Sent: Thursday, January 16, 2020 12:05 AM

To: dea...@googlegroups.com <dea...@googlegroups.com>
Subject: Re: [deal.II] discontinous contour over elements
--
The deal.II project is located at http://www.dealii.org/
For mailing list/forum options, see https://groups.google.com/d/forum/dealii?hl=en
---
You received this message because you are subscribed to the Google Groups "deal.II User Group" group.
To unsubscribe from this group and stop receiving emails from it, send an email to dealii+un...@googlegroups.com.

Wolfgang Bangerth

unread,
Jan 18, 2020, 10:58:59 AM1/18/20
to David Eaton, dea...@googlegroups.com
On 1/17/20 9:11 PM, David Eaton wrote:
>
> Thanks the help from you and the others. The issue of discontinuous vorticity
> field is resolved.

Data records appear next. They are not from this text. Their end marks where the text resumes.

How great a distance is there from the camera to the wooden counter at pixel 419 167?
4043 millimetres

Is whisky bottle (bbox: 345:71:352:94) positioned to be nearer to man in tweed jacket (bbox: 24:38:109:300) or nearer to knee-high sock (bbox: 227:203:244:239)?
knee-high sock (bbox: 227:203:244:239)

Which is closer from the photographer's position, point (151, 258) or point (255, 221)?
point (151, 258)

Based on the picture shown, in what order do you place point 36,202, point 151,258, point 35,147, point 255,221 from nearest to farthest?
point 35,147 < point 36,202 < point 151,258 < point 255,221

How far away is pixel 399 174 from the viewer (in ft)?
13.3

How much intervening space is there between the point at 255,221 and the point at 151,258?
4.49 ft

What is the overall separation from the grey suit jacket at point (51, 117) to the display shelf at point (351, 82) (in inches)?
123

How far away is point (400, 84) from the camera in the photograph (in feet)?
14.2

Theoretically, I understand the gradient should be
> discontinuous for C0 elements.  However, I still want to convince myself with
> a explanation. while I used Q2Q1 Taylor-Hood element, the discontinuous
> contour still appear. What could be the reason for this?

And they should! You might be thinking that for Q2 functions, if you take the
gradient, you should still get a linear function that is continuous. But the
Q2 functions are only quadratic on each cell separately; they still have a
kink at cell interfaces, and consequently their gradient is discontinuous.


> On the other hand, I
> have a very simple FEM code using C0 elements without doing the projections.
> I just simply assembly the matrix, use a Lagrangian shape function in C0
> element and solve it with a linear solver. It does give a continuous contour
> without doing a projection. What could be the theoretical reason why it does
> not give a discontinuous contour? Is L2 projection is necessary step while
> computing gradients over elements for C0 elements?

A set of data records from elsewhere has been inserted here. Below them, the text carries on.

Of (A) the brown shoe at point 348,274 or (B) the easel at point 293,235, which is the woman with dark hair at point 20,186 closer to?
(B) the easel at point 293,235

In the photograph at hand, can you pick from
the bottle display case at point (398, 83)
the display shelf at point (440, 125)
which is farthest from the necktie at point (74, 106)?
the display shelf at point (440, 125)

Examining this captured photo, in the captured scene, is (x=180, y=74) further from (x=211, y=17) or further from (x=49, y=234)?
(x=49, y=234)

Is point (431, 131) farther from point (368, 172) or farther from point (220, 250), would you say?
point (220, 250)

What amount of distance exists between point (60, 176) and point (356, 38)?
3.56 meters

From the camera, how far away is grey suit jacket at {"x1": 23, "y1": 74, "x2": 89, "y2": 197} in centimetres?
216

Can you describe in mathematical terms what you do? When you say "assemble a
matrix" and "solve it", that sounds a lot like a projection to me.

David Eaton

unread,
Jan 18, 2020, 11:25:44 AM1/18/20
to Wolfgang Bangerth, dea...@googlegroups.com
Thank you for your explanations. Basically I formed a weak form of the PDE for one element and numerically integrate it at the Gaussian points based on the interpolation from the local nodes. Subsequently, I assemble the weak forms from all elements into a global system matrix based on a local-to-global mapping of the nodes. After applying the boundary conditions, I solve this linear system using a linear solver in Intel mkl. 

In deal.II, I took almost the same procedures. I formed the weak form for each element and assemble them based on the local-to-global mapping. After applying the boundary conditions, I solved it with the SparseDirectFUMPK solver. The only difference is that I got a very clear discontinuous gradient over the edges of elements. I think the solution from deal.II is more close to the theorem of FEM, which explains the fundamental idea of weak form. However, I am puzzled at why I did not read it in the FEM books before.

Best
David


From: Wolfgang Bangerth <bang...@colostate.edu>
Sent: Saturday, January 18, 2020, 11:58 PM
To: David Eaton; dea...@googlegroups.com

Subject: Re: [deal.II] discontinous contour over elements

Wolfgang Bangerth

unread,
Jan 18, 2020, 11:49:20 AM1/18/20
to David Eaton, dea...@googlegroups.com
On 1/18/20 9:25 AM, David Eaton wrote:
> Thank you for your explanations. Basically I formed a weak form of the PDE for
> one element and numerically integrate it at the Gaussian points based on the
> interpolation from the local nodes. Subsequently, I assemble the weak forms
> from all elements into a global system matrix based on a local-to-global
> mapping of the nodes. After applying the boundary conditions, I solve this
> linear system using a linear solver in Intel mkl.

Right -- that gives you the solution (u,p) of the problem. But then what do
you do to visualize whatever it is that you find is/isn't discontinuous?

David Eaton

unread,
Jan 18, 2020, 7:03:01 PM1/18/20
to Wolfgang Bangerth, dea...@googlegroups.com
I just use tecplot directly visualize the results. The vorticity contour from my simple code is continuous, and the results from deal.II is discontinuous (without L2 projection). Is it possible that the direct solver in Intel mkl did a similar projection step internally?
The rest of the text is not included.